As we know, AI has taken the lead in almost every field. AI is everywhere, whether we talk about media, healthcare, financial institutions, or the education sector. Many companies are trying to incorporate AI into their daily routine. A novel study from the University of South Australia has discovered a range of metabolic biomarkers that could help identify cancer risks. According to the study, 84 indicators using machine learning to analyze data from 459,169 UK Biobank users could signal an increased cancer risk. Several markers also identified chronic liver or renal disease, highlighting the significance of examining the underlying pathogenic mechanisms of these mechanisms to look for any links to cancer.
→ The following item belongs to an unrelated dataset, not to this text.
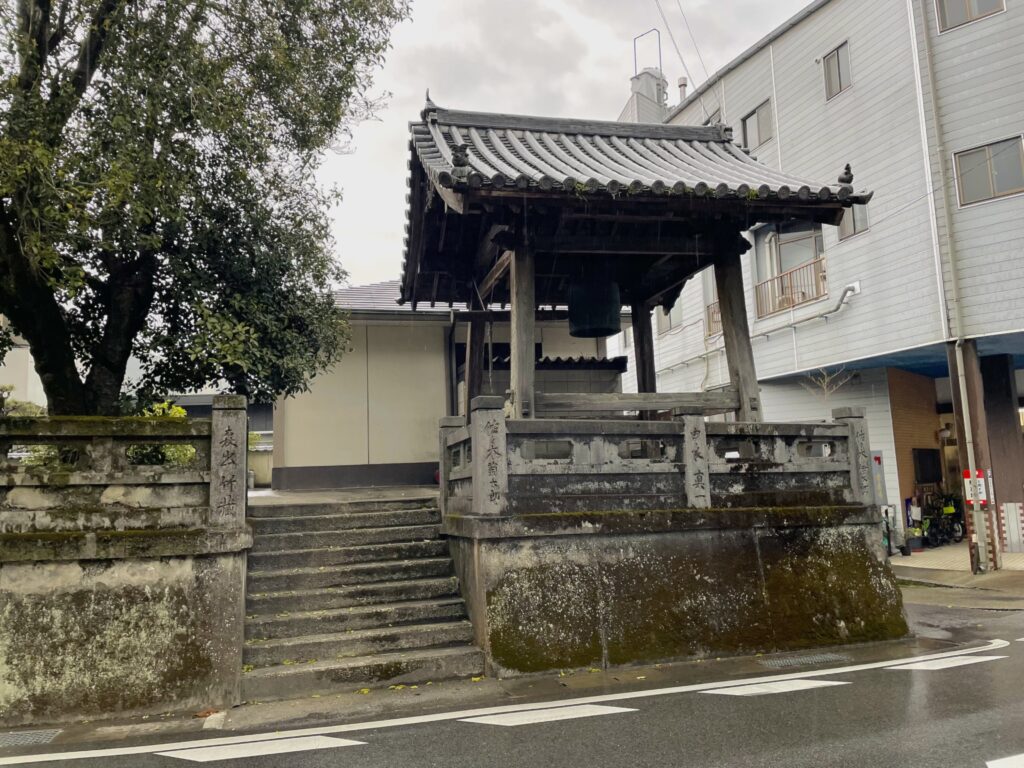 境内の端っこに鐘撞堂があった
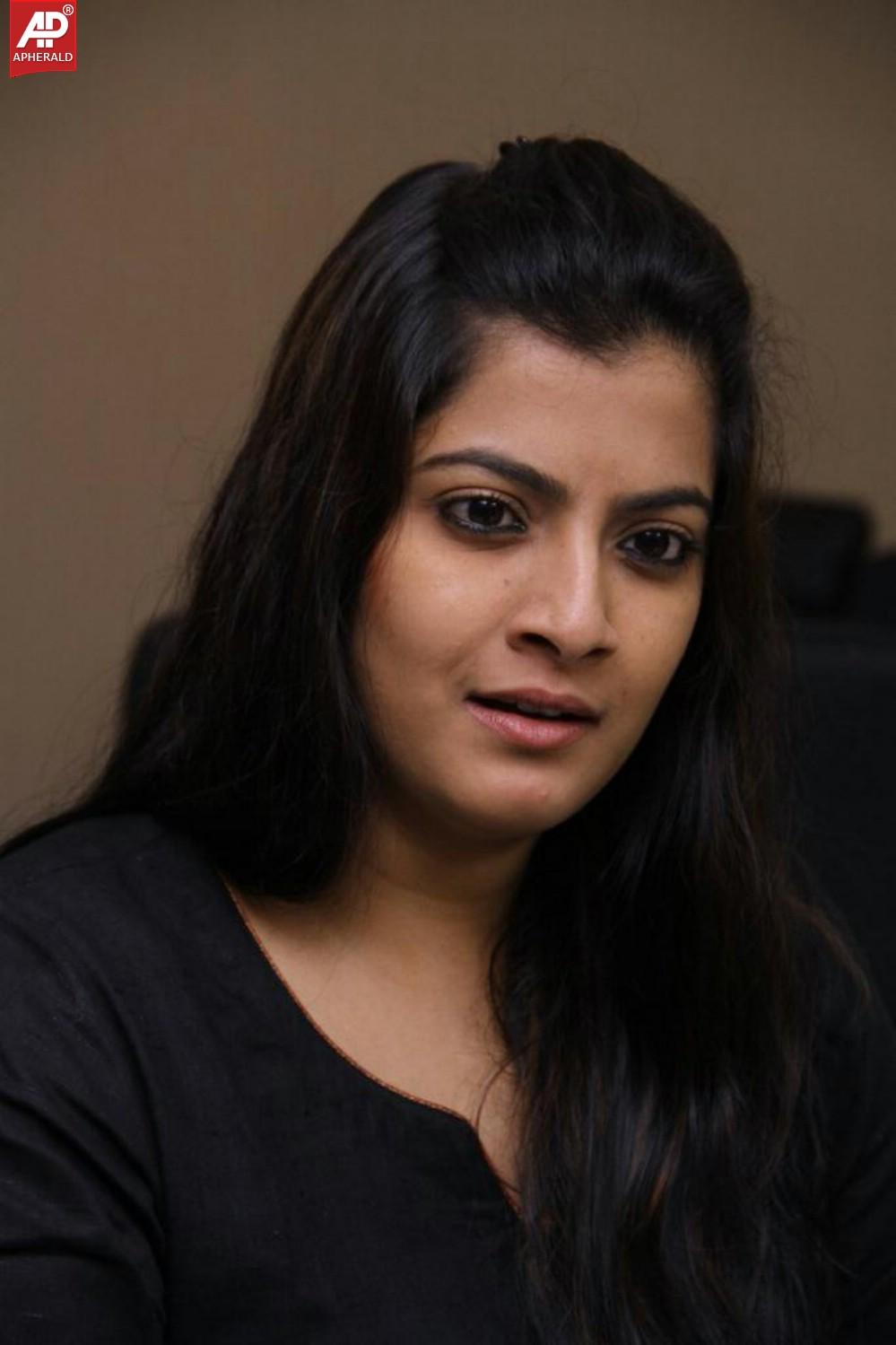 Varalakshmi Launch Seventh Salon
Cancer is a significant health problem worldwide. Its critical early detection and management are essential for patients to recover quickly. Therefore, the early identification and treatment of liver cancer can benefit from using biomarkers. However, identifying and using biomarkers to minimize cancer risk might be difficult. Artificial intelligence is a valuable tool for research and potential clinical application since it has promised to detect and use biomarkers in managing liver cancer.
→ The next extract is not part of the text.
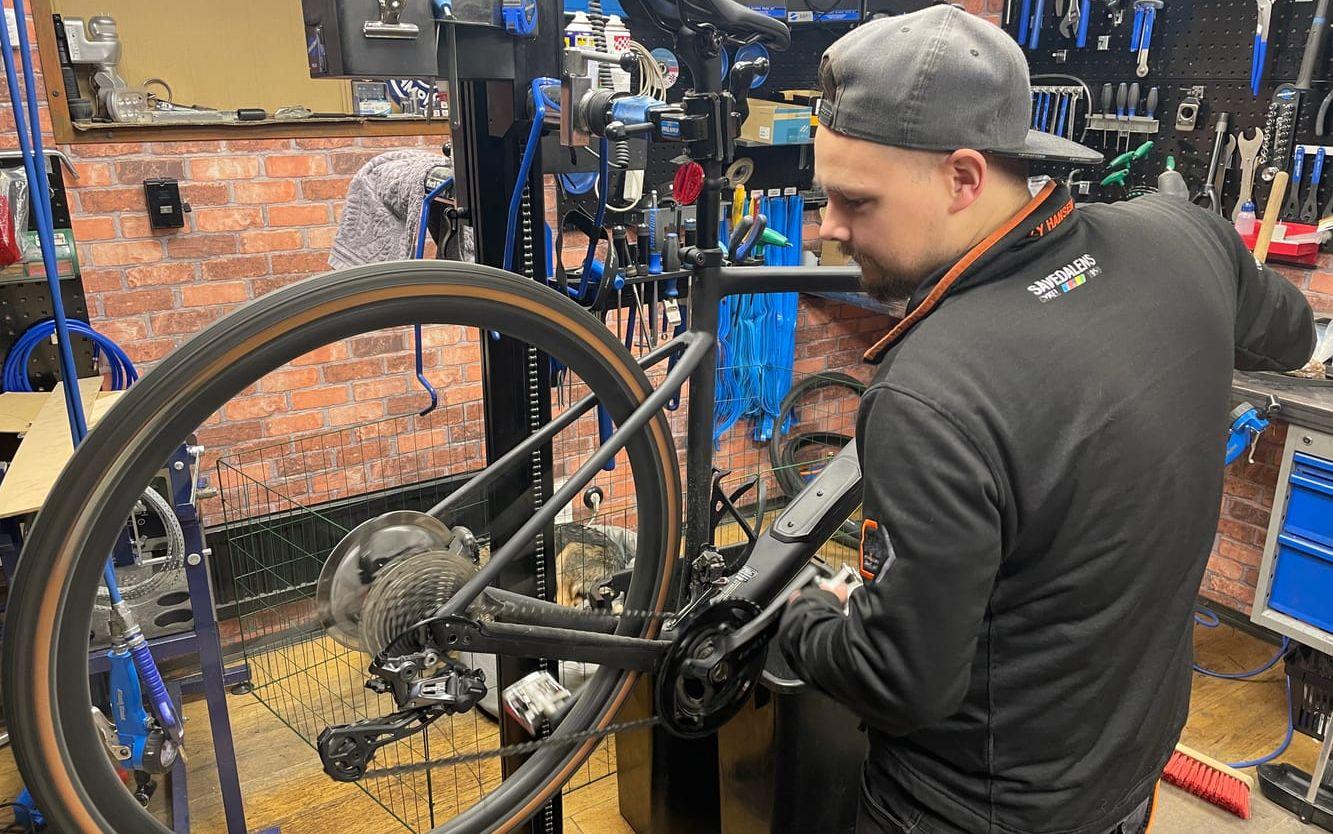 Jonas Nikka jobbar på en gravelbike.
The study on how AI helps identify cancer risks, mainly named the Hypothesis-free discovery of novel cancer predictors using machine learning, was made by UniSA researchers Dr. Iqbal Madakkatel, Dr. Amanda Lumsden, Dr. Anwar Mulugeta, and Professor Elina Hyppönen, with University of Adelaide’s Professor Ian Olver.
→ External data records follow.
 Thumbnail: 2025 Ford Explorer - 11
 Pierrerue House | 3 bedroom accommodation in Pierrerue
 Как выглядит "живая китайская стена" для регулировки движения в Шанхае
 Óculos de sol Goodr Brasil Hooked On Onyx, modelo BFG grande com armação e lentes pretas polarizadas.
According to Dr. Iqbal Madakkatel, Researcher, UniSA, “We conducted a hypothesis-free analysis using artificial intelligence and statistical approaches to identify cancer risk factors among more than 2800 features. More than 40% of the features the model identified were biomarkers – biological molecules that signal health or unhealthy conditions depending on their status – and several of these were jointly linked to cancer risk and kidney or liver disease.”
In addition, Dr. Amada Lumsden states that this study gives a broad spectrum of mechanisms that may contribute to cancer risks. “Similarly, other indicators of poor kidney performance such as high blood levels of cystatin C, high urinary creatinine (a waste product filtered by your kidneys), and overall lower total serum protein were also linked to cancer risk.”
She also highlighted the point that, “We also identified that greater red cell distribution width (RDW) – or the variation in size of your red blood cells – is associated with increased risk of cancer.” Her team also identified, “Normally, your red blood cells should be about the same size, and when there are discrepancies, it can correlate with higher inflammation and poorer renal function. As this study shows, there is also a higher cancer risk.”
Moreover, the study also highlights that high levels of C-reactive protein, an indicator of systematic inflammation, are interrelated to increased cancer risk. This is because of the high enzyme gamma-glutamyl transferase (GGT)- a liver stress-related biomarker. According to Chief investigator Professor Elina Hyppönen, Centre Director of the Australian Centre for Precision Health at UniSA, the intensity and power of this study lies in machine learning as machine learning has taken the lead in almost every way.
According to Prof Hyppönen, “Using artificial intelligence, our model has shown that it can incorporate and cross-reference thousands of features and identify relevant risk predictors that may otherwise remain hidden.” In addition, he also stated, “It is interesting that while our model incorporated information on thousands of features, including clinical, behavioral, and social factors, so many were biomarkers, which reflect the metabolic state before cancer diagnoses.”
The team of researchers also stated, “While further studies are needed to confirm causality and clinical relevance, this research suggests that with relatively simple blood tests, it may be possible to gain information about our future cancer risk. This is important as it allows us to act early when it may still be possible to prevent the disease.”